_Your objective_.
Each line from the one containing "gill net fishing" to the end of the records below should be restated word for word; please leave out all other lines.

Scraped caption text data
[Start of Attachment]

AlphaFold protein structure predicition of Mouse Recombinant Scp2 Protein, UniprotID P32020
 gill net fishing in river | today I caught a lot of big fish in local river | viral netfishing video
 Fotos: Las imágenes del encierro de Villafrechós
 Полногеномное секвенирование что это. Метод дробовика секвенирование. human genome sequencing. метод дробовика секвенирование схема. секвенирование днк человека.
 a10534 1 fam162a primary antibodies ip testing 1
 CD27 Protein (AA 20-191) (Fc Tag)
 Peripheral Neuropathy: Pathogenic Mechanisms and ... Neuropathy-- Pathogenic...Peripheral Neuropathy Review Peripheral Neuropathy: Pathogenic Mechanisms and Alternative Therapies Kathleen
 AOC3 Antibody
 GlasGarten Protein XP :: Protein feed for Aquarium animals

[End of Attachment]

_Result below_.
 gill net fishing in river | today I caught a lot of big fish in local river | viral netfishing video
 Fotos: Las imágenes del encierro de Villafrechós
 Полногеномное секвенирование что это. Метод дробовика секвенирование. human genome sequencing. метод дробовика секвенирование схема. секвенирование днк человека.
 a10534 1 fam162a primary antibodies ip testing 1
 CD27 Protein (AA 20-191) (Fc Tag)
 Peripheral Neuropathy: Pathogenic Mechanisms and ... Neuropathy-- Pathogenic...Peripheral Neuropathy Review Peripheral Neuropathy: Pathogenic Mechanisms and Alternative Therapies Kathleen
 AOC3 Antibody
 GlasGarten Protein XP :: Protein feed for Aquarium animals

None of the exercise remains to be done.